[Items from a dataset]
- Opening Delimiter -

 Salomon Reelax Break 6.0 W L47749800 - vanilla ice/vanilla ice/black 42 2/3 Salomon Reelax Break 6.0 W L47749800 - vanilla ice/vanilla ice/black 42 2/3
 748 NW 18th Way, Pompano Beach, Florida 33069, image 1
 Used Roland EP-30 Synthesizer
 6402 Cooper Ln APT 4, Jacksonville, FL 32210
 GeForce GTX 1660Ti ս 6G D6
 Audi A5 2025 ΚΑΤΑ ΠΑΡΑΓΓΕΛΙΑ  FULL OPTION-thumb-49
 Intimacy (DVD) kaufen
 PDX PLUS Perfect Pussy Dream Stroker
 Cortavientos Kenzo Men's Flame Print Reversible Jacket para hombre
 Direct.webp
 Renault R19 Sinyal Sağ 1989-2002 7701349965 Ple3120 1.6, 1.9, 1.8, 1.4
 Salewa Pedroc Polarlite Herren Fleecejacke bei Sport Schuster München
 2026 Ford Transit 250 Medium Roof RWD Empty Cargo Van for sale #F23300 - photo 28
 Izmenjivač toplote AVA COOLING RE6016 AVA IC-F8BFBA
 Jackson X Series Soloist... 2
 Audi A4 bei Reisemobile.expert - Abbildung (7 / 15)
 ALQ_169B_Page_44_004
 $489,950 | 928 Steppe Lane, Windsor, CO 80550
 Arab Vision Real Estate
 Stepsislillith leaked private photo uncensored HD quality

- Closing Delimiter -
- Opening Delimiter -

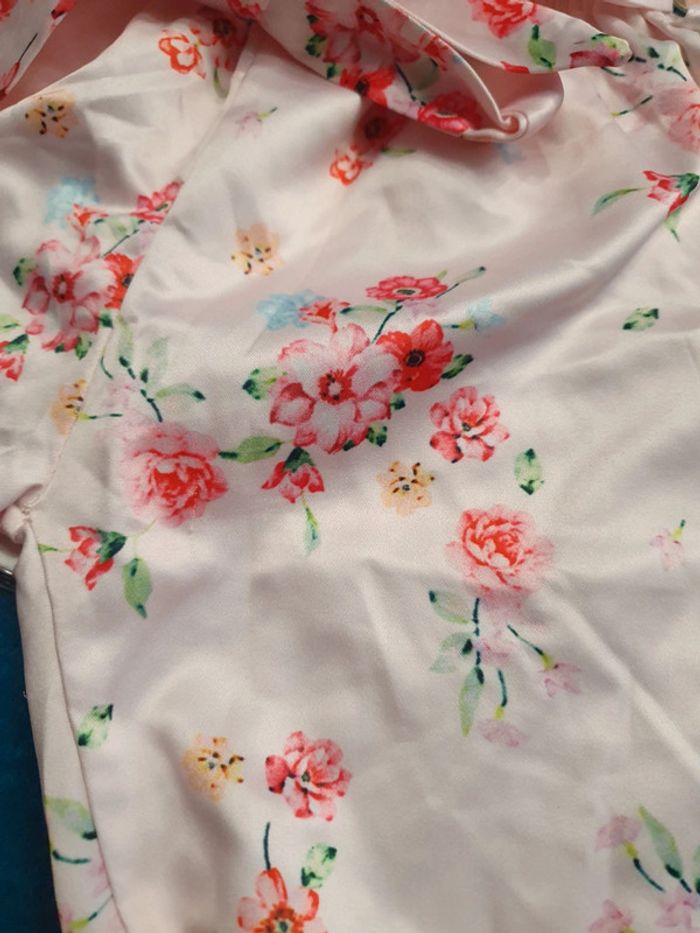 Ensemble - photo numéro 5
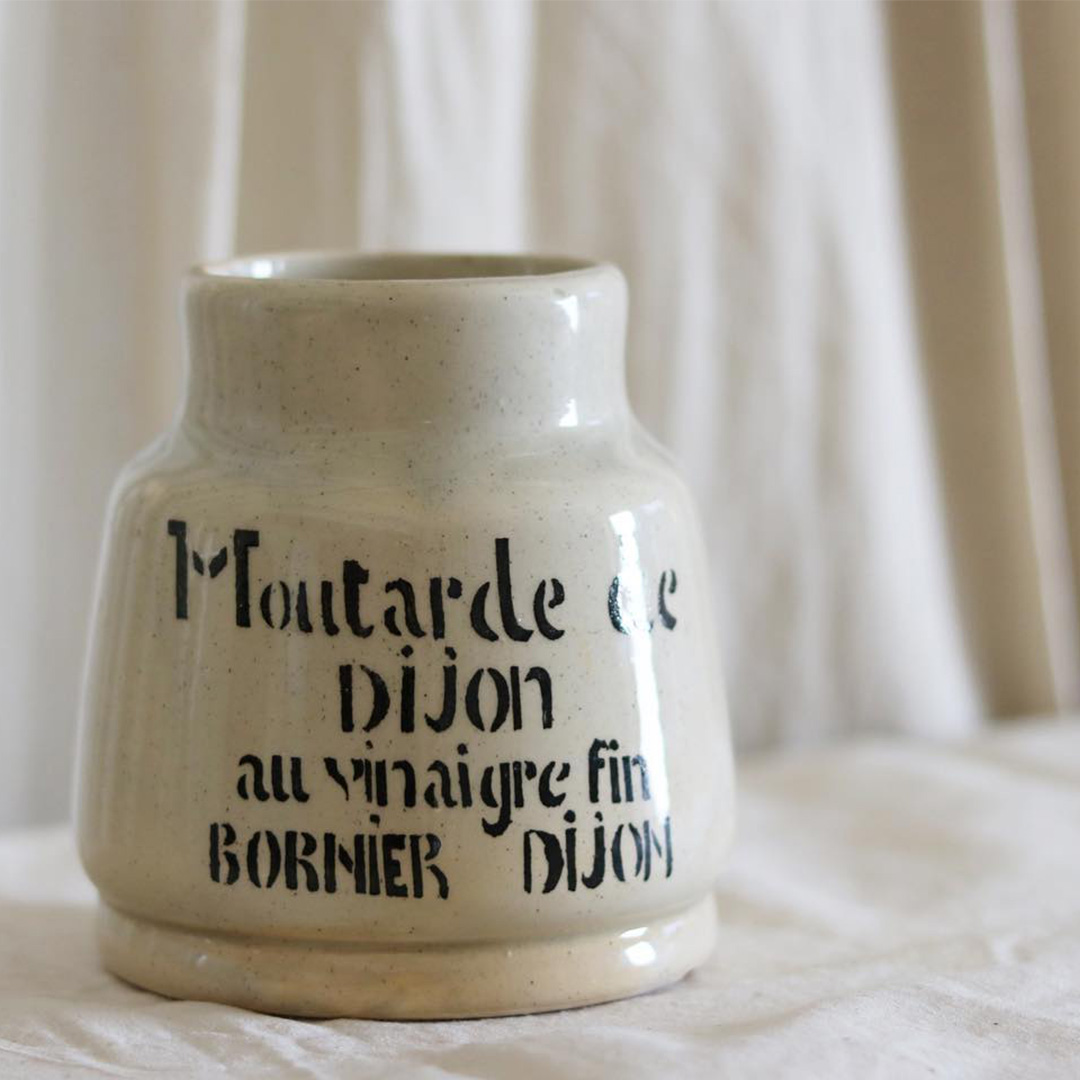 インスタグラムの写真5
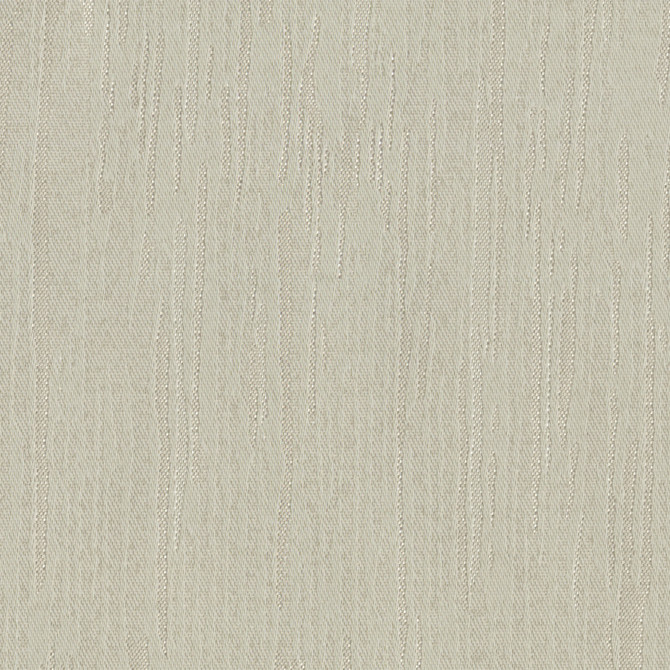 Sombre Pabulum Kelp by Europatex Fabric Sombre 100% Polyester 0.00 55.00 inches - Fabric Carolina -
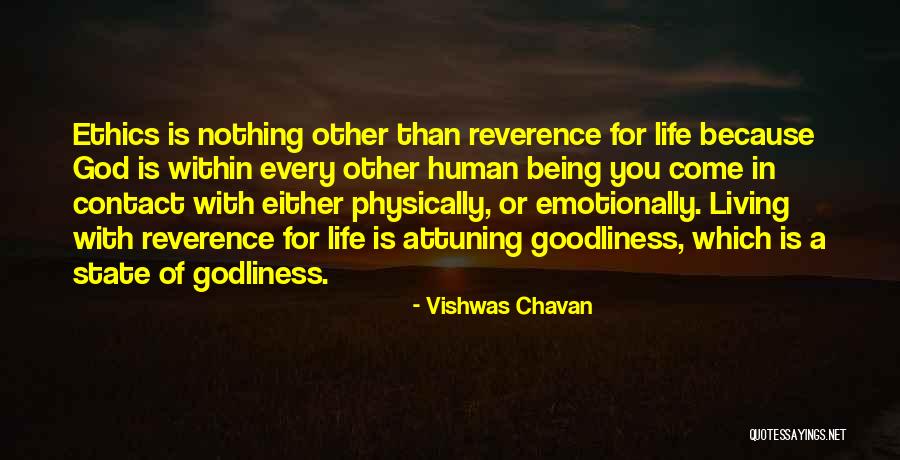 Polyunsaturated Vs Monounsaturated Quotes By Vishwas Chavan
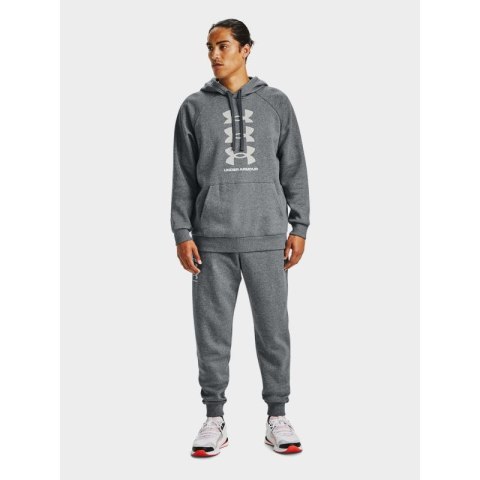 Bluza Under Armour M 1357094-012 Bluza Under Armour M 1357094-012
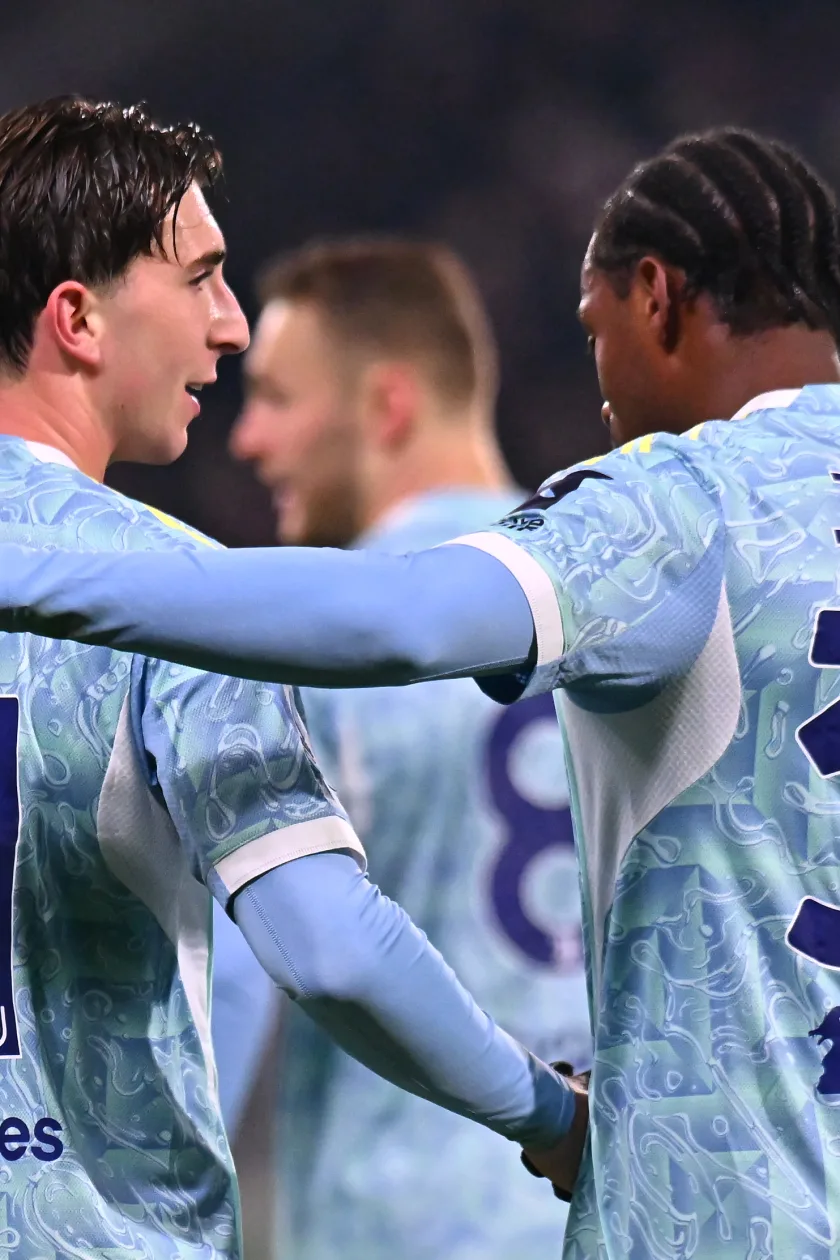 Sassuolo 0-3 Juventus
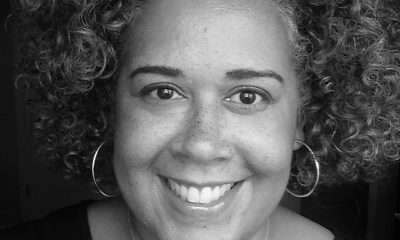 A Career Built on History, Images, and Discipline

- Closing Delimiter -
- Opening Delimiter -

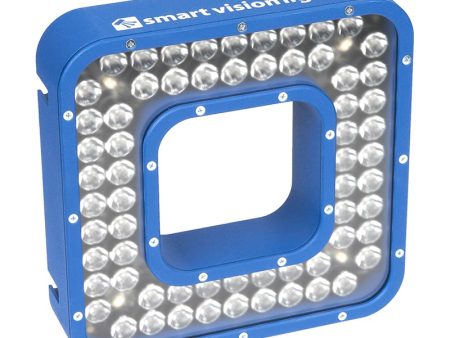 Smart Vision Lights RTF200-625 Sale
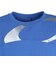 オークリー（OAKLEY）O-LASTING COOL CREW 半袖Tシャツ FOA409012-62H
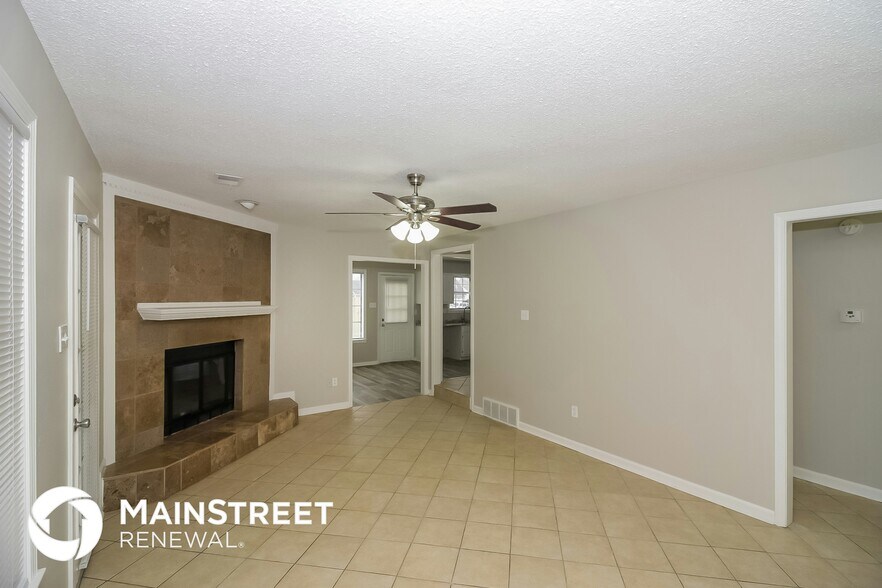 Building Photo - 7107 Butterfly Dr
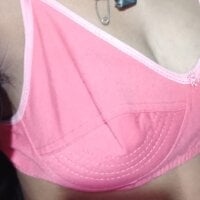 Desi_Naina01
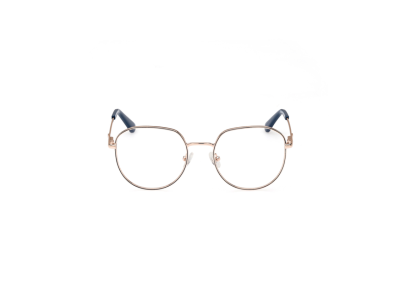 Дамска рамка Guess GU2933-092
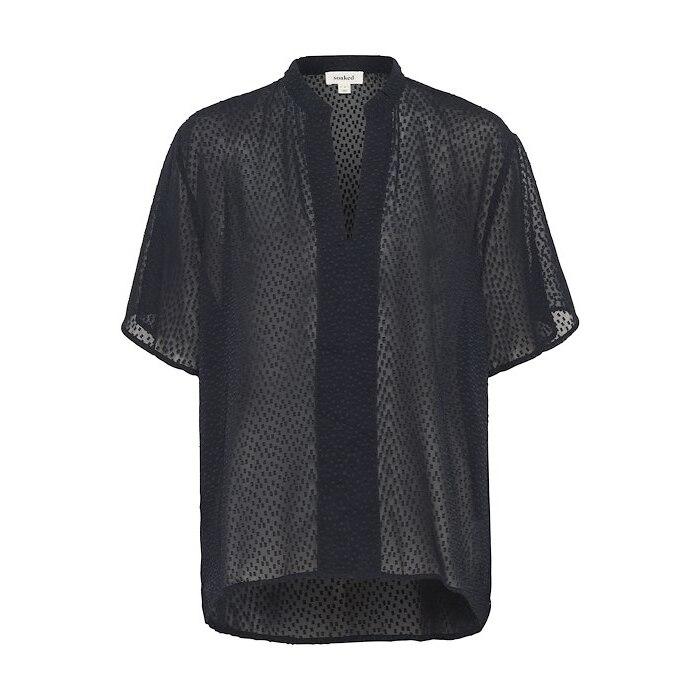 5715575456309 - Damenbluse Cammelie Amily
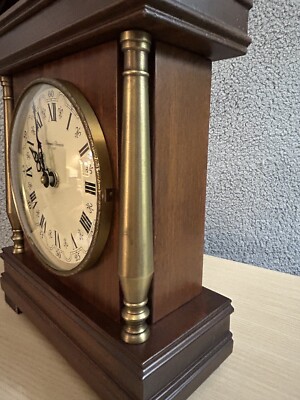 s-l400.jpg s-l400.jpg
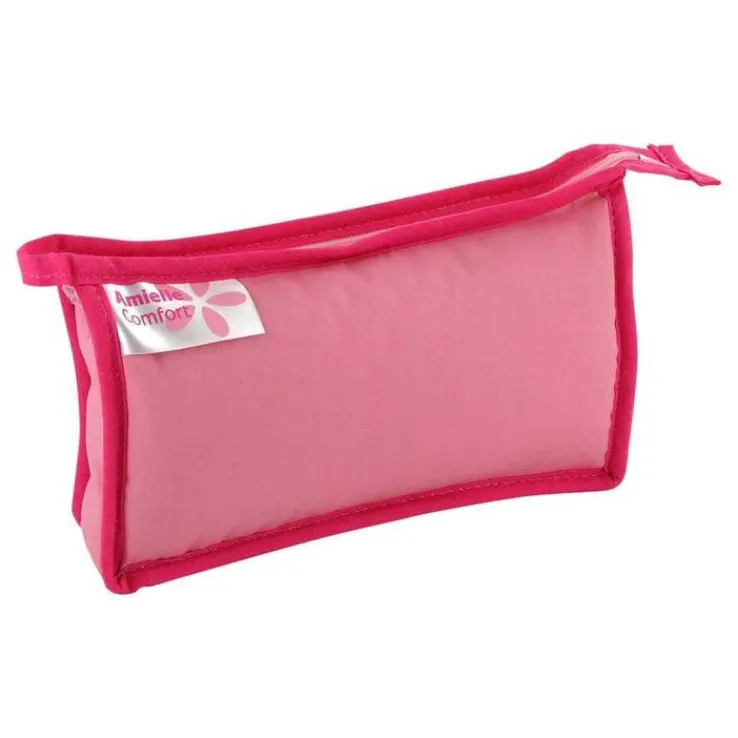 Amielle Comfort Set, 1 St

- Closing Delimiter -

YOUR GOAL
From the entries above, list each line with "Audi" in it.

RESPONSE TO THE EXERCISE
 Audi A5 2025 ΚΑΤΑ ΠΑΡΑΓΓΕΛΙΑ  FULL OPTION-thumb-49
 Audi A4 bei Reisemobile.expert - Abbildung (7 / 15)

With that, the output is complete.